An unassuming new Port of Seattle chief packs a lot of influence

If you had to pick one person who has the most influence over the local economy, who would it be? It's an easier question on the national level: The president sets his goals, but we also try to decipher the utterances of the chairman of the Federal Reserve Board. Who at the regional level shapes our economy? The governor certainly is one, but another would be the chief executive of the Port of Seattle.

Whoever leads Seattle's port oversees a vast, powerful organization that is crucial to a robust Washington economy. Though the Port of Tacoma is equally important for container shipping, the Port of Seattle also manages the international airport, the homeport for the fishing industry, and a significant collection of real estate holdings. What's more, the Seattle port gets involved in workforce development, transportation policy and increasingly, industry's response to global warming. Consider the situation of Anderson Hay & Grain of Ellensburg, which each week sends 250-300 containers to the port of Seattle or Tacoma, getting hay to cattle growers in Asia. If Anderson's trucks are delayed at or near the harbor, production is halted on the other side of the Cascades.

Given the importance of the Port of Seattle, I made an appointment to meet its new boss, Tay Yoshitani, hoping for insights about his direction for the agency and our economy. Yoshitani, 60, was hired in late March by the five-member port commission. Though other candidates might have been successful running an airport or a seaport or developing real estate,

Yoshitani has done it all at the ports of Los Angeles, Baltimore and most recently, Oakland. He also worked in industry as an adviser to the National Association of Waterfront Employers. For added luster, he's a West Point graduate with an MBA from Harvard. And for pure sentiment, you can't beat the story of Yoshitani's first visit to Seattle, in 1954, as a 7-year-old immigrant from Japan.

In person, Yoshitani is a dramatic departure in style from his predecessor, Mic Dinsmore. Where Yoshitani is understated and gentle in demeanor, the burly Dinsmore was assertive, charming and given to bruising handshakes.
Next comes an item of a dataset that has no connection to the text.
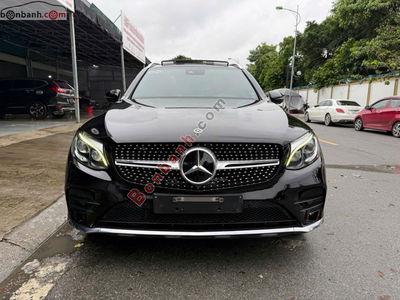 Xe Mercedes Benz GLC 300 4Matic 2017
Fifteen years ago, Dinsmore was hired as the guy to calm things down, following an energetic period under Zeger van Asch van Wijck, who came from the Port of Rotterdam and pushed a series of reorganizations. Today, that seems to be the undercurrent around Yoshitani, who is not being advertised as a change agent. "I think he's looking for the commission for direction, and that's appropriate," says Port Commissioner Alec Fisken.

Though Yoshitani is wise to go slow, build up his power base and not feud publicly with commissioners as Dinsmore did, the new CEO gives few hints about his preferences. Speaking about his overall philosophy, he says, "It's simple. You leverage on your strengths." In Baltimore, he concluded that the port's fundamental goal - to become a major container port - was wrong. Other ports had the advantage, so he argued for investment in the less glamorous business of "roll on, roll off " shipping, in which trucks drive cargo into vessels.

A willingness to focus tightly on strengths could signal a change at the Seattle port, once a bread-and-butter institution catering to shipping companies and airlines. That changed when the port jumped into the real estate business. The port bought a large chunk of Seattle's central waterfront and created Bell Harbor. It also announced plans to redevelop 57 acres near Piers 90 and 91 at Interbay. More recently, Dinsmore threw his support to a proposed complex swap in which the port would buy a rail line for a trail and swap it with King County for ownership of Boeing Field. Whether all of this represents prudent bets to diversify the region's economy, or dubious distractions from core businesses, is a subject of continuing debate by the five port commissioners. But in picking Yoshitani, the commission found the rare port executive who knows real estate.